Bank Accounts Filled With Cash Are Opening Without Consent At One of America’s Largest Banks: Report


Bank Accounts Filled With Cash Are Opening Without Consent At One of America’s Largest Banks: Report

Dozens of people say unauthorized accounts in their name are being opened at one of America’s largest banks – with mysterious deposits showing up in some.

One Arkansas man in particular says someone opened an account in his name at Wells Fargo and deposited thousands of dollars, NBC reports.

Jay Patterson of Little Rock says an unknown entity opened an account under his name using partially correct information. His name, address and social security number were accurate, while his date of birth, email and drivers license details were wrong. Yet thousands of dollars still flowed into the account before it was shut down.

Patterson has never been a Wells Fargo customer and says he has never given the bank access to his personal data. He also says that Wells Fargo was initially reluctant to address the incident.

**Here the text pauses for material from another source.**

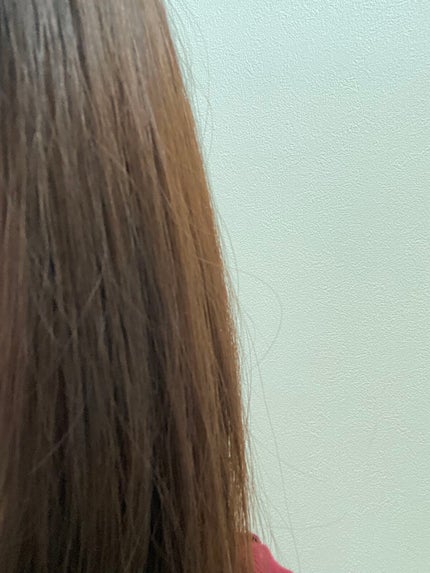 髪がうるおう精油シャンプー/トリートメント しっとり シャンプー本体 480ml/kokoroe/シャンプー・コンディショナーの画像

“Wells Fargo would not tell me anything about this account – when it was opened, who opened it, what kind of money went through it… They did acknowledge it was fraud in a letter a few weeks later.”

Records show Patterson’s predicament is not a one-off.

“Other consumers, in public complaints to regulators, have detailed similarly mysterious Wells Fargo bank accounts, raising fresh questions, experts say, about compliance and risk management at a bank that has been rocked by scandals in recent years.”

Patterson appears to be a victim of synthetic identity fraud, when some uses a combination of real and bogus personal information to create bank accounts that can then be used to launder money or commit other financial crimes.

Wells Fargo says it is constantly working to prevent fraud and criminal acts.

“Wells Fargo invests hundreds of millions of dollars annually to fight fraud and strengthen our ability to quickly combat against criminal behavior… When we learn of fraudulent activity, we take action and work to ensure there’s no harm to the consumer.”

In December, Wells Fargo agreed to pay the CFPB a record $3.7 billion fine for illegally freezing customer accounts, charging unlawful fees, opening customer accounts without permission and improperly seizing vehicles.